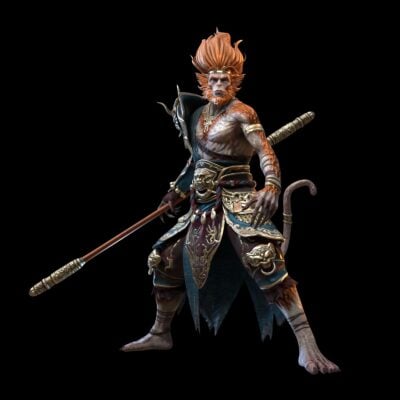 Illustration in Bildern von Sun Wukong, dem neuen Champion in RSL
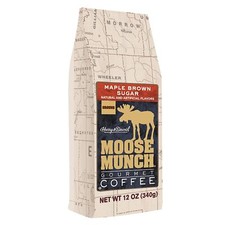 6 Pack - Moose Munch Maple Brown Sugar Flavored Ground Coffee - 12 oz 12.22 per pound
* * *
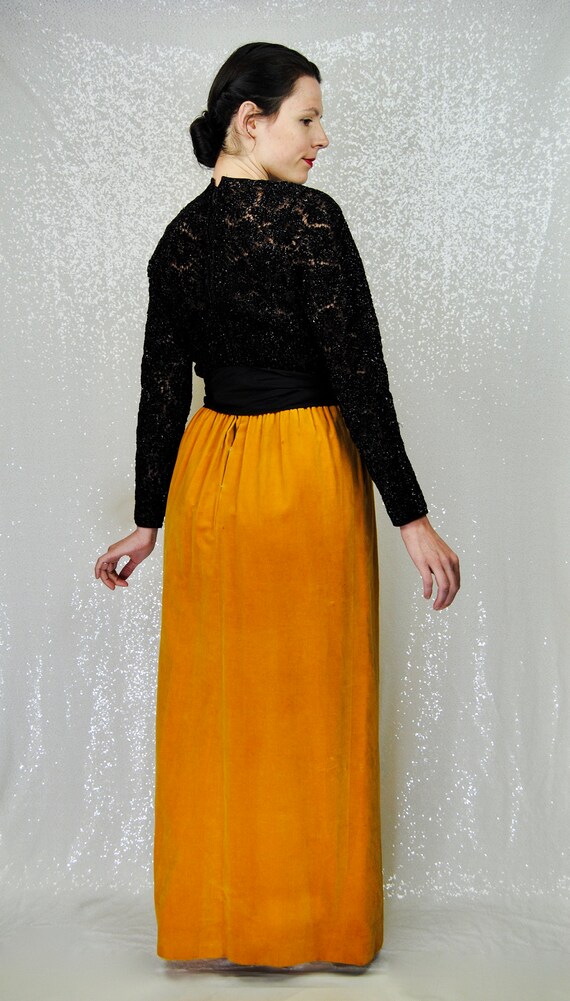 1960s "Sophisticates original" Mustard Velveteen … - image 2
==
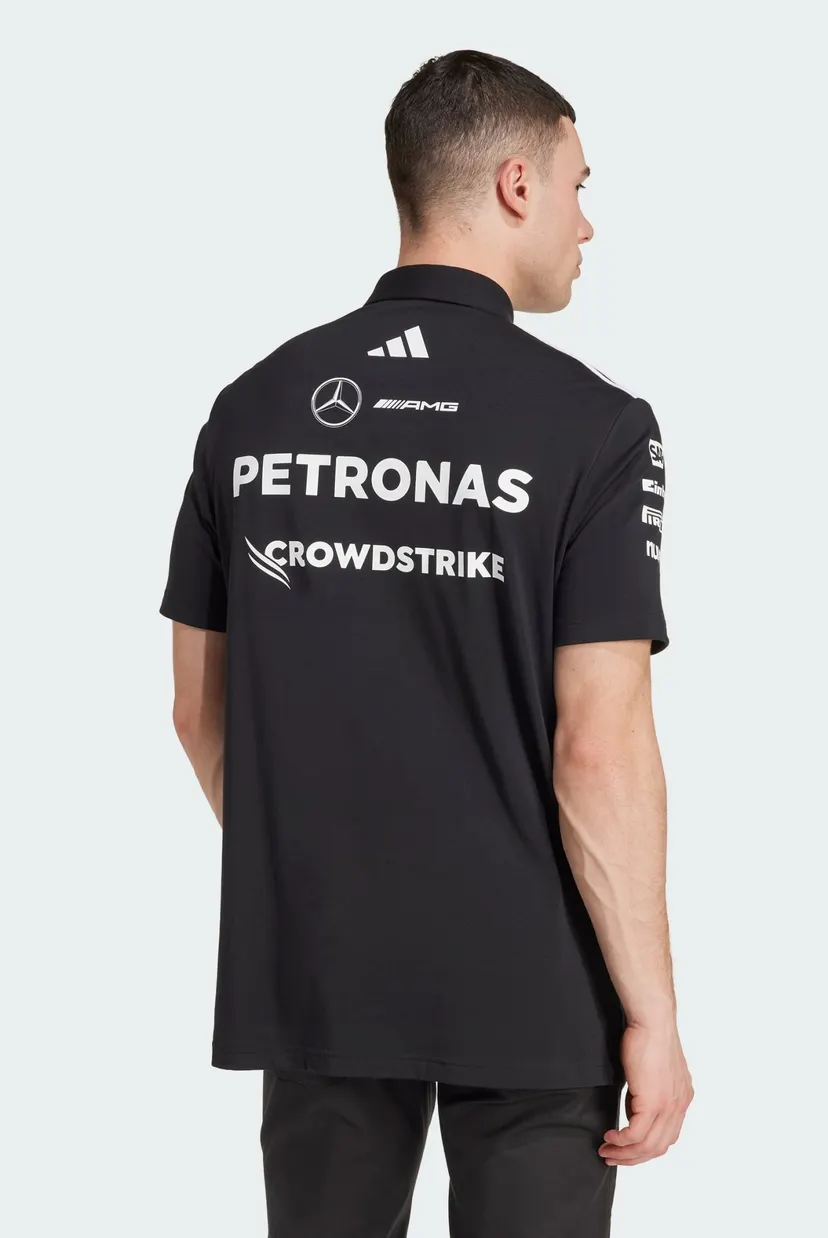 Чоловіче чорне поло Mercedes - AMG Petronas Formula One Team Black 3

### What the task requires
Restate the lines above from the one containing "Illustration in Bildern" through the one containing "6 Pack - Moose", inclusive, exactly and without pictures.

### Result for this exercise
 Illustration in Bildern von Sun Wukong, dem neuen Champion in RSL
 6 Pack - Moose Munch Maple Brown Sugar Flavored Ground Coffee - 12 oz 12.22 per pound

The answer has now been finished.